Palomba e Cappellacci |
Per il gusto cinico della realtà, poco incline a fare i conti con i fiorentinismi della politica, mentre i pastori sardi erano impegnati a Porto Torres in una delle più drammatiche loro manifestazioni, a Cagliari si apriva la crisi del governo regionale. Quando si dice scollamento tra politica e cittadini, incomunicabilità tra bisogni reali e appetiti indotti dalla virtualità chiamata “visibilità dei partiti”.
I partiti hanno nuovamente cannibalizzato il Consiglio regionale, consumando così l'ultima barbarie. Parole forti, ma non si riferiscono a queste ultime poco esaltanti vicende.
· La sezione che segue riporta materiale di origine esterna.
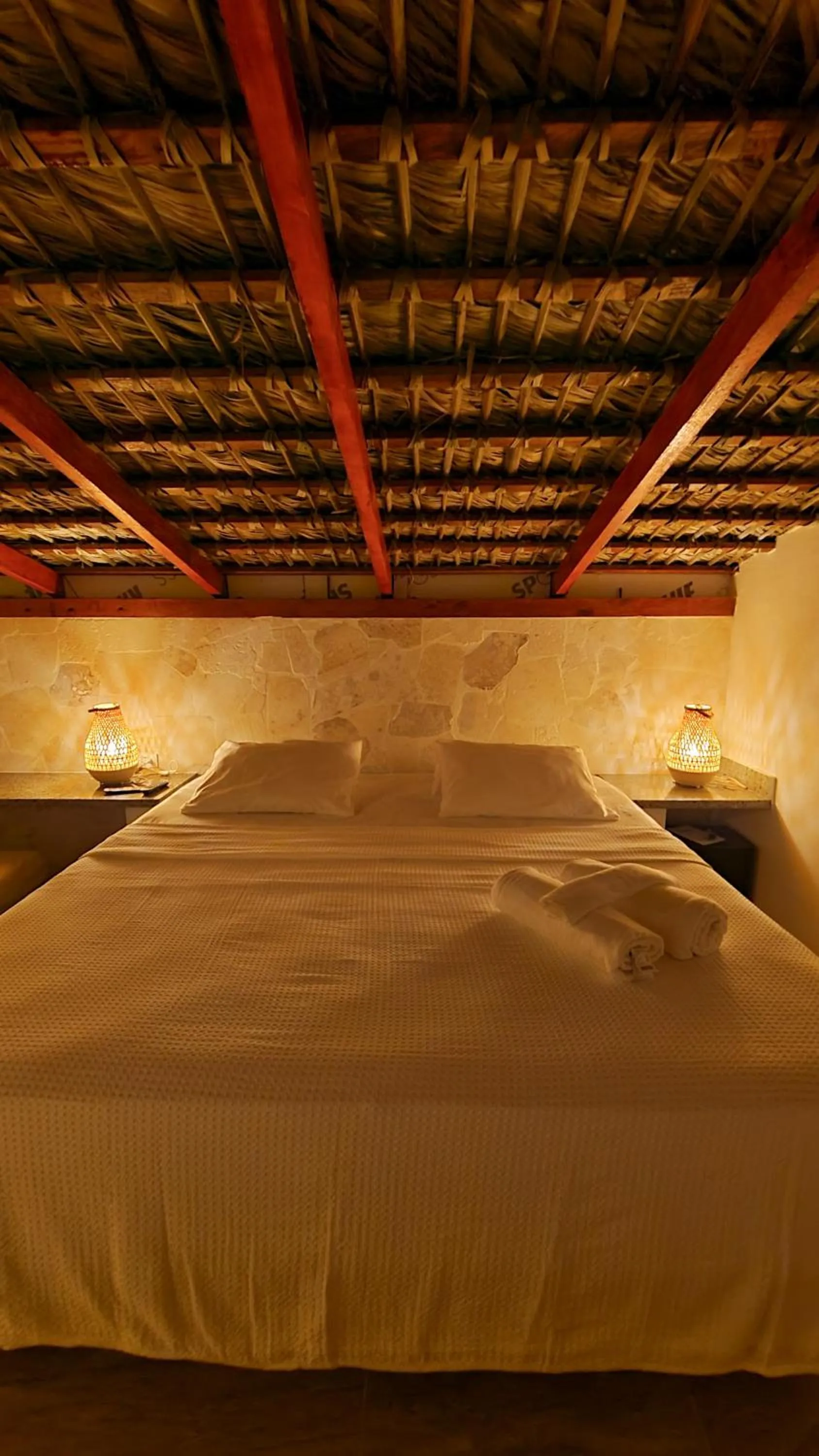 Bed in Tritón Hotel Boutique & Restaurant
Sono state pronunciate il 10 marzo dall'allora presidente regionale Federico Palomba dopo l'ennesimo agguato tesogli dalla maggioranza di centrosinistra che lo appoggiavano ed era divisa da altri appetiti, dilaniata come quella attuale di centrodestra che appoggia, si fa per dire, Cappellacci.
Con questo, per di più: i consiglieri di questa maggioranza (insieme a quelli dell'opposizione) rischiano di perdere scanni e stipendi se Cappellacci si dimette; quell'altra rischiava, al più, di dover eleggere un altro presidente. Leggi elettorali differenti. In politica, pare, difetta la memoria. È singolare, così, leggere le reazioni del centrosinistra alle dimissioni del presidente della Regione, improntate alla rimozione del suo passato. Fra i rimotori c'è proprio Palomba, oggi senatore dell'IdV: “Nessun rattoppo potrà rimettere in sesto il vestito lacerato della destra, tanto a Roma quanto a Cagliari. Oramai il processo di decomposizione della defunta maggioranza di governo è arrivato al punto di non ritorno”
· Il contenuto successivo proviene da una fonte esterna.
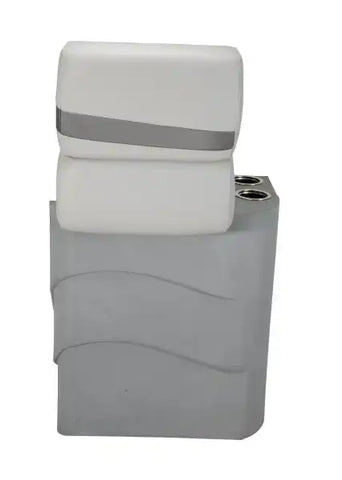 LIPPERT COMP 803550 PONTOON FURN 17'LFT CHAISE CHARCOAL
Il che può essere anche vero, ma suona curioso detto da chi, in cinque anni di governo fra il 1994 e il 1999, dovette sopportare cinque crisi aperte da una maggioranza dal “vestito lacero” e in preda ad un “processo di decomposizione” come gli allora oppositori non mancavano di denunciare, chiedendo, come chiede lui oggi, di tornare alle urne. Insomma, cambiano i protagonisti ma il copione rimane immutato. E neppure un piccolo sforzo di inventiva per renderlo interessante agli spettatori di questa commedia.
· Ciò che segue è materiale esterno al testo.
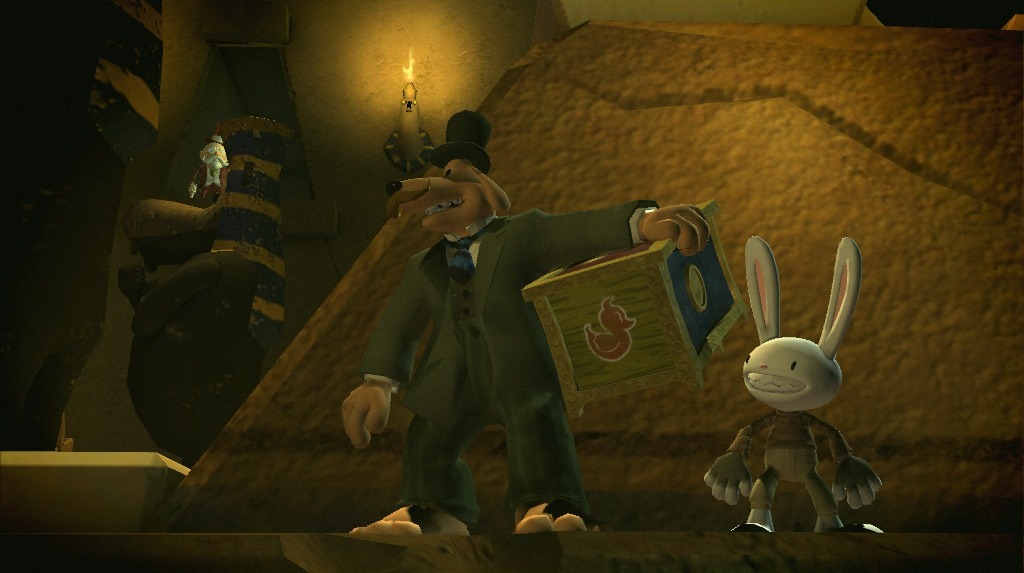 Pantallazo de Sam & Max: Episode 302: The Tomb of Sammun-Mak para PC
Ho rintracciato un commento, scritto il 10 gennaio 1999 sul quotidiano che pure fiancheggiava il governo dei “progressisti”, che dovrebbe rinfrescare la memoria a chi la sta perdendo. Si chiedeva se il presidente Palomba avrebbe avuto coraggio o se “continuerà ad essere strumentalmente usato come capro espiatorio di una legislatura fallimentare: tale per responsabilità di tanti che hanno giocato al massacro dal primo giorno. ... Avesse restituito al mittente, ficcandoglielo in quel posto, l'arrogante foglietto della sconveniente «Giunta del bigliettino», Palomba sarebbe diventato un eroe dimettendosi. Ci sono atti non compiuti che segnano più di un gesto esemplare: restano nella memoria, incancellabili e irrimediabili, come omissione inescusabile”.
Purtroppo non è vero che restano nella memoria, sono cancellati. E allora è forse utile ricordare che cosa fu la “giunta del bigliettino”: è quella che Palomba annunciò, dopo una imbarazzante seduta del Consiglio che attendeva di conoscerla, solo dopo che un commesso gli ebbe consegnato, in piena seduta del Parlamento, un pezzo di carta su cui i segretari di partito avevano scritto i nomi degli assessori da nominare. Siccome la storia non si ripete mai uguale a se stessa, forse Cappellacci ha imparato dalla magra figura del suo predecessore e, almeno, le dimissioni le ha minacciate.
I pastori, assaltando i tir provenienti da Barcellona, hanno scoperto pecore e maiali in arrivo dalla Spagna, pronti a vestire i Quattro mori e a invadere il mercato sardo sotto mentite spoglie di maialetti made in Sardegna. La Legler ha chiuso definitivamente i battenti. La promettente discussione sullo Statuto sardo rischia di trasformarsi in accademia. E la politica sarda continua a bisticciare su chi ha le corna più lunghe.